From the line with "Solving this, we" to the end of the data below, restate each line word for word, both ends included, without the pictures.

==== The data

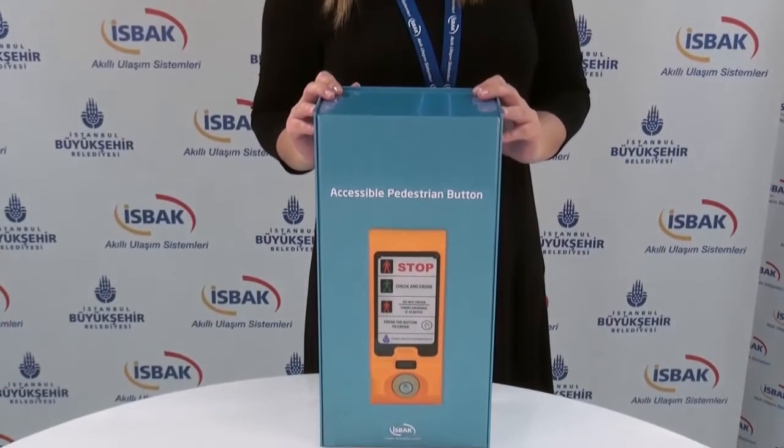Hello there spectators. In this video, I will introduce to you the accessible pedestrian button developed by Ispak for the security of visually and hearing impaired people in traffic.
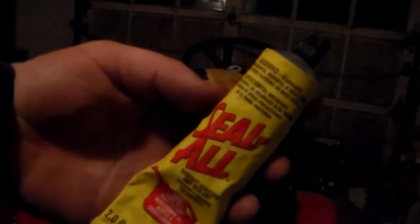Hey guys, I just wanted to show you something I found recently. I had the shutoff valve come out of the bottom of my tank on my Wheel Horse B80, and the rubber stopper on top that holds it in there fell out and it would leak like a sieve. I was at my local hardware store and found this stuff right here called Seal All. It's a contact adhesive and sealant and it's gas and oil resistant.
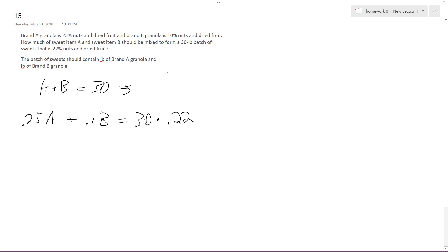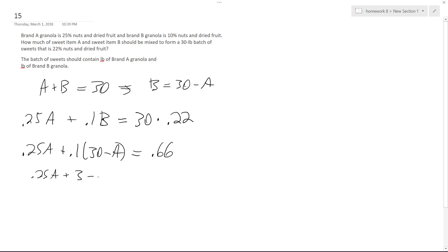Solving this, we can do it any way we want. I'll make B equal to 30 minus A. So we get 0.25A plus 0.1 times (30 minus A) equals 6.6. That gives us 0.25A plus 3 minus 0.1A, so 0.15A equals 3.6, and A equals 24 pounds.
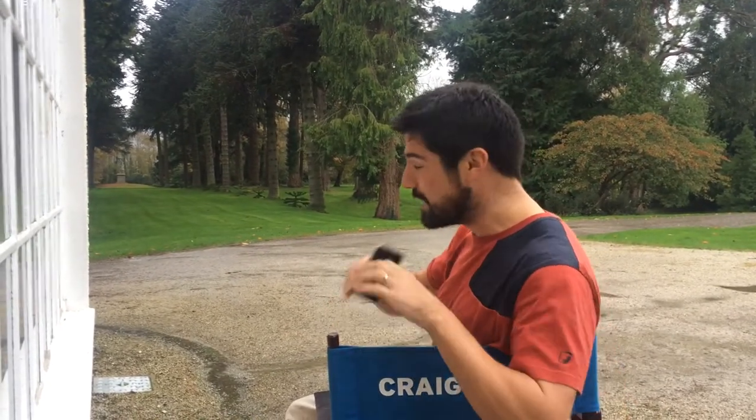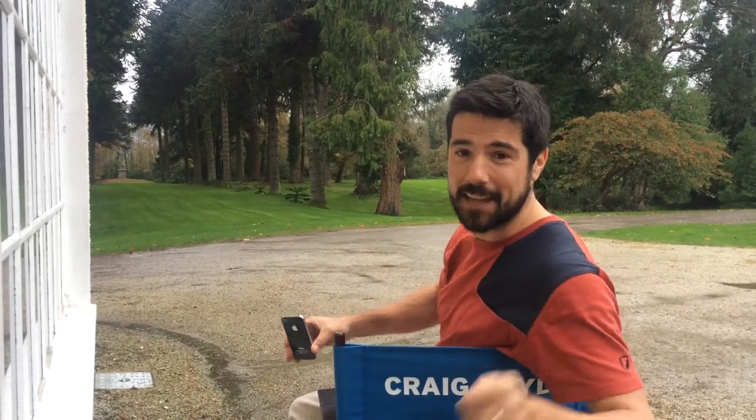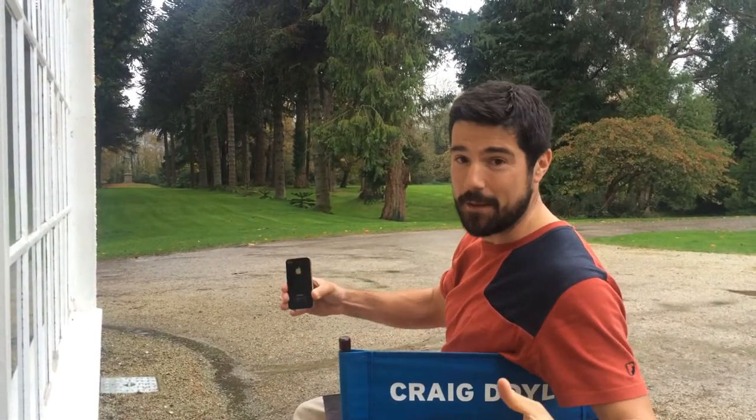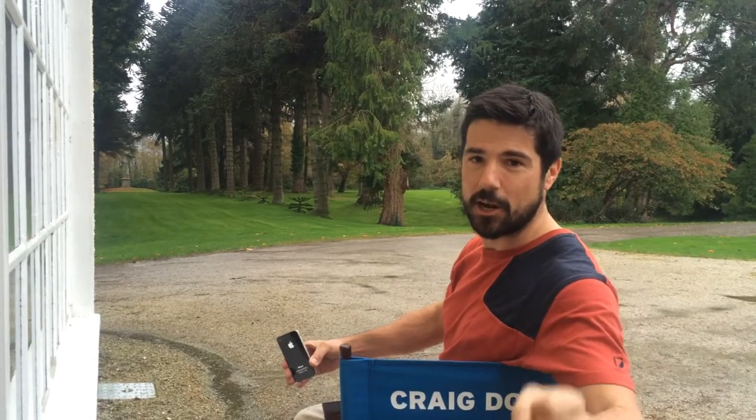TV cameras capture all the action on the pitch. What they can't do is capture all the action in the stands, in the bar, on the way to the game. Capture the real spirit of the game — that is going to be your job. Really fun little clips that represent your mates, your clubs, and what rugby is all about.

========

Solution to the problem:
Solving this, we can do it any way we want. I'll make B equal to 30 minus A. So we get 0.25A plus 0.1 times (30 minus A) equals 6.6. That gives us 0.25A plus 3 minus 0.1A, so 0.15A equals 3.6, and A equals 24 pounds.
TV cameras capture all the action on the pitch. What they can't do is capture all the action in the stands, in the bar, on the way to the game. Capture the real spirit of the game — that is going to be your job. Really fun little clips that represent your mates, your clubs, and what rugby is all about.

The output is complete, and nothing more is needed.